2. La recherche d'une réponse plus rapide à la délinquance des mineurs

La loi du 8 février 1995 a rendu possible à l'égard des mineurs la procédure de convocation par officier de police judiciaire qui existait précédemment pour les majeurs et que la pratique avait parfois initiée en matière d'enfance délinquante.

Cette procédure a pour objectif de garantir un véritable traitement en temps réel des procédures pénales ouvertes à rencontre de mineurs. L'adolescent poursuivi se voit ainsi remettre par l'officier de police judiciaire une convocation d'avoir à comparaître devant le juge des enfants saisi des faits dans un délai relativement bref. Après avoir été entendu par les services de police ou de gendarmerie, il sait donc immédiatement quand il rencontrera le juge des enfants.

Tout en visant à réduire le sentiment d'impunité qui peut résulter d'une convocation tardive devant le juge des enfants, ce texte permet également d'apprécier le plus rapidement possible la situation du mineur afin de mettre en place un suivi éducatif si ce dernier s'avère indispensable.

3. L'encouragement au prononcé de mesures éducatives

a) La médiation -réparation

Afin d'assurer aux victimes la réparation des dommages causés par un mineur et de mieux faire prendre conscience à celui-ci des conséquences de ses actes, la loi du 4 janvier 1993 a prévu la faculté de lui proposer une mesure de réparation (article 12-1 de l'ordonnance du 2 février 1945).

Cette proposition peut être faite par le procureur de la République, par la juridiction d'instruction ou par la juridiction de jugement.

Depuis la promulgation du texte, le nombre de jeunes concernés a considérablement augmenté. En effet, si 1 096 jeunes ont effectué une mesure de réparation en 1993, ils ont été 3 740 en 1994.

Le nombre de juridictions qui appliquent cette disposition est lui aussi en augmentation puisqu'en 1993, 58 tribunaux pour enfants l'ont utilisée alors qu'ils ont été 94 en 1994.

La répartition de ces mesures par catégorie de magistrats est elle aussi intéressante.
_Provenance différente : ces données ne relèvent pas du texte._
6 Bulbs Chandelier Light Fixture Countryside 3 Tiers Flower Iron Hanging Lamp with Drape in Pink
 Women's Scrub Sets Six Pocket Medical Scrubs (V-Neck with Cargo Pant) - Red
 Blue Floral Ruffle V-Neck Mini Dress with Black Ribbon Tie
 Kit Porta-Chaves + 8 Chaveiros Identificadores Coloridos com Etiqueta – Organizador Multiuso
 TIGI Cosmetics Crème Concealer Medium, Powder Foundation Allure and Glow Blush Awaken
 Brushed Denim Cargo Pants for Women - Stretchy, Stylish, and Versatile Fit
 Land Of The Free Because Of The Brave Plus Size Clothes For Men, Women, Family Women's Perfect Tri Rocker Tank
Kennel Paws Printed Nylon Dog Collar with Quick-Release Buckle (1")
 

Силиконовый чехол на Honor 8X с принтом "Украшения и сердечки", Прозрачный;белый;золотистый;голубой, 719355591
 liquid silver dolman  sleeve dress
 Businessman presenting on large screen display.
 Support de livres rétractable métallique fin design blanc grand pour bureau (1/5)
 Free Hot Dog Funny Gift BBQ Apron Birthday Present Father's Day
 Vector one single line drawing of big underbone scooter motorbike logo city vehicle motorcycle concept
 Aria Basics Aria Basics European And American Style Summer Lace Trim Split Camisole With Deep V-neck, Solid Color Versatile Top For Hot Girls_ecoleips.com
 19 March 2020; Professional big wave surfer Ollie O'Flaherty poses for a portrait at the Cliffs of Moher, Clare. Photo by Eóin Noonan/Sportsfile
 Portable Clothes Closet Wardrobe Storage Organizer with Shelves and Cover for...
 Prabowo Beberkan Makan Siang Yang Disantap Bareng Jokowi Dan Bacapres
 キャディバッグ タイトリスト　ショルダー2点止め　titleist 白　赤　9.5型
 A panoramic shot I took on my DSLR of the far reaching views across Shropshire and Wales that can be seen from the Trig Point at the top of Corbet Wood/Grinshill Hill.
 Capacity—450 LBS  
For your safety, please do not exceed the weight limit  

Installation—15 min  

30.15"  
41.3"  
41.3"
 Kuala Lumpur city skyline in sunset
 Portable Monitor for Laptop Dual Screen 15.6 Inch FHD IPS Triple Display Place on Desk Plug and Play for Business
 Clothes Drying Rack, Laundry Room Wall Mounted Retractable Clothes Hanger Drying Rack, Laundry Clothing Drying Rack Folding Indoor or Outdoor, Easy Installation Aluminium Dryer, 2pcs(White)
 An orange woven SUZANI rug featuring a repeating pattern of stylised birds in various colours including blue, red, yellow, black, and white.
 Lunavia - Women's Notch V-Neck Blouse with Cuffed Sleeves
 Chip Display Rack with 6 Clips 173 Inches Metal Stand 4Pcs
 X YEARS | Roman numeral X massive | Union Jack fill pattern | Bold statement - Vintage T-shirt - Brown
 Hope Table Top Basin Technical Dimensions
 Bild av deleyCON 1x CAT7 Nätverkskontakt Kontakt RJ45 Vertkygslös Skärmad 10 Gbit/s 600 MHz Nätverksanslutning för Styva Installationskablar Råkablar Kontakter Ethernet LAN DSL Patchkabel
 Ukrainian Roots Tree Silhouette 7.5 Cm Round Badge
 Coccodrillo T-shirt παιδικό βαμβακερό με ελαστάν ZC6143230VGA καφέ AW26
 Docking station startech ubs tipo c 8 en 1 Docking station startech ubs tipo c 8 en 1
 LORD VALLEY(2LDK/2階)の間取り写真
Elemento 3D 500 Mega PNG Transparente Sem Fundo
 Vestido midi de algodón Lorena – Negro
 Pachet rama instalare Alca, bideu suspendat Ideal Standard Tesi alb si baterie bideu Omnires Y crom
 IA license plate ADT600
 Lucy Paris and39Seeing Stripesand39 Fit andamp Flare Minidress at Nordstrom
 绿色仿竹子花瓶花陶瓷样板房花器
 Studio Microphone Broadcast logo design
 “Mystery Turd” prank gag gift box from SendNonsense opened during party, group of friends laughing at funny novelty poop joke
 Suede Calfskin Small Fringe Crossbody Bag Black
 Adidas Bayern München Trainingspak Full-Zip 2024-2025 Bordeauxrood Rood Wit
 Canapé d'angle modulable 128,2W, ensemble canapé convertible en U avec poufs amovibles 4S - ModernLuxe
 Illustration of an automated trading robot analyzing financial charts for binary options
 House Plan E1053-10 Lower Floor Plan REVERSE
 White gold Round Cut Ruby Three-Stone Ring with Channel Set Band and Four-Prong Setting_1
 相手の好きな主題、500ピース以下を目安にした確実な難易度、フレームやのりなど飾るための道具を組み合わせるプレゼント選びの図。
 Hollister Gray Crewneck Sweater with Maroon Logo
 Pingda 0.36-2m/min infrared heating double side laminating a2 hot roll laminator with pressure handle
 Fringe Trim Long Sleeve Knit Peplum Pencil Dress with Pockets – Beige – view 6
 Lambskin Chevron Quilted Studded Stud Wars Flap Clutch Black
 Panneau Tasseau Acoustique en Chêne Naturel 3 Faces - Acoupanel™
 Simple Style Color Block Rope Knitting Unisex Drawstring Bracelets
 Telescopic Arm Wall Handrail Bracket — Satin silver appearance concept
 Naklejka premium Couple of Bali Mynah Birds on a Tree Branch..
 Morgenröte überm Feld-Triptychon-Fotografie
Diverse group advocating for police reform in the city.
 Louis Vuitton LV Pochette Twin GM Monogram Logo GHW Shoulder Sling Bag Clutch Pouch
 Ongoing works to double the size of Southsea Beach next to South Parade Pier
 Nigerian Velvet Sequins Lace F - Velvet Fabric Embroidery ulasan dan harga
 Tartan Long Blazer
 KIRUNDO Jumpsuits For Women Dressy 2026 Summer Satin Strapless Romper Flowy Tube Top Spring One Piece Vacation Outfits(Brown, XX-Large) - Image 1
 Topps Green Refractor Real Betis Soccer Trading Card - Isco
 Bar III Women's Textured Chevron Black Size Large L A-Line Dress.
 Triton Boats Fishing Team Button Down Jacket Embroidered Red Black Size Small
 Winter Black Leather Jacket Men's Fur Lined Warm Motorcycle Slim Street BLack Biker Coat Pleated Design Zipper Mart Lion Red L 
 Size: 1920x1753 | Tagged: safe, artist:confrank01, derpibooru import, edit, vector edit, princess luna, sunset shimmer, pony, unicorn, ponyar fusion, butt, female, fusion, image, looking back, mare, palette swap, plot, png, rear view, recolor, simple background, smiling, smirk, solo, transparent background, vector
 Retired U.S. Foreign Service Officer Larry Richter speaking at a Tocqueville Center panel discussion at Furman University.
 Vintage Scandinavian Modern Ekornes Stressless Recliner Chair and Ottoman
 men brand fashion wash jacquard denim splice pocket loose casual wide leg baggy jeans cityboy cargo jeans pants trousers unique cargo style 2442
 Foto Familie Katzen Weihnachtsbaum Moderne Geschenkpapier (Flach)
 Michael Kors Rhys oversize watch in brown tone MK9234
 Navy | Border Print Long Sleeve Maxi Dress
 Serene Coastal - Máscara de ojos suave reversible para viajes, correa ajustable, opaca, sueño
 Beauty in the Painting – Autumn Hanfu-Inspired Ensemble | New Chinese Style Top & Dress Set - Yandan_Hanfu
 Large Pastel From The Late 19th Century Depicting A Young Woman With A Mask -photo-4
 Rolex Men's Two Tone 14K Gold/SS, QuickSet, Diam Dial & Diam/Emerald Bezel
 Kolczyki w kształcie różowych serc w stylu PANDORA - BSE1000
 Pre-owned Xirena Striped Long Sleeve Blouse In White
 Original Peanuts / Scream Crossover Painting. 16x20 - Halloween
Si le parquet reste largement majoritaire dans son utilisation, la place qu'il occupe dans le prononcé de cette mesure tend à se restreindre (94,4 % en 1993 ; 84,4 % en 1994) alors que les juges des enfants et les tribunaux pour enfants y recourent de plus en plus souvent. Le nombre de mesures de réparation prononcées par un juge des enfants au stade de l'information passe de 4,1 % en 1993 à 8,7 % en 1994 et celui des mesures prononcées au stade du jugement passe de 1,5 % à 5,9% dans le même temps.

Il convient de noter que, dans le cadre du programme pluriannuel pour la justice, le nombre de 9 000 mesures de réparation devra être atteint en 1999.

b) Les innovations de la loi du 8 février 1995

La loi du 8 février 1995 relative à l'organisation des juridictions et à la procédure civile, pénale et administrative a diversifié les mesures éducatives que peut décider le juge des enfants en audience de cabinet. Elle lui a notamment permis de prononcer des mesures de placement ou de mise sous protection judiciaire. Elle a conservé à ce magistrat sa compétence jusqu'à la comparution du mineur devant le tribunal pour enfants. En donnant ainsi plus de souplesse dans le suivi de ces mesures, elle garantit une intervention judiciaire plus précoce et plus efficace à l'égard du mineur délinquant.

Le même texte a également ouvert au juge des enfants une faculté de nature à réduire le nombre de mineurs placés en détention provisoire : le prononcé, avant de statuer sur le fond, d'une mesure de liberté surveillée à titre provisoire en vue de statuer après une ou plusieurs périodes d'épreuve dont le juge fixe la durée.

Afin de percevoir plus précisément les effets de la loi du 8 février 1995, le ministère de la Justice envisage d'effectuer, dans les prochains mois, une évaluation globale de l'application de ce texte.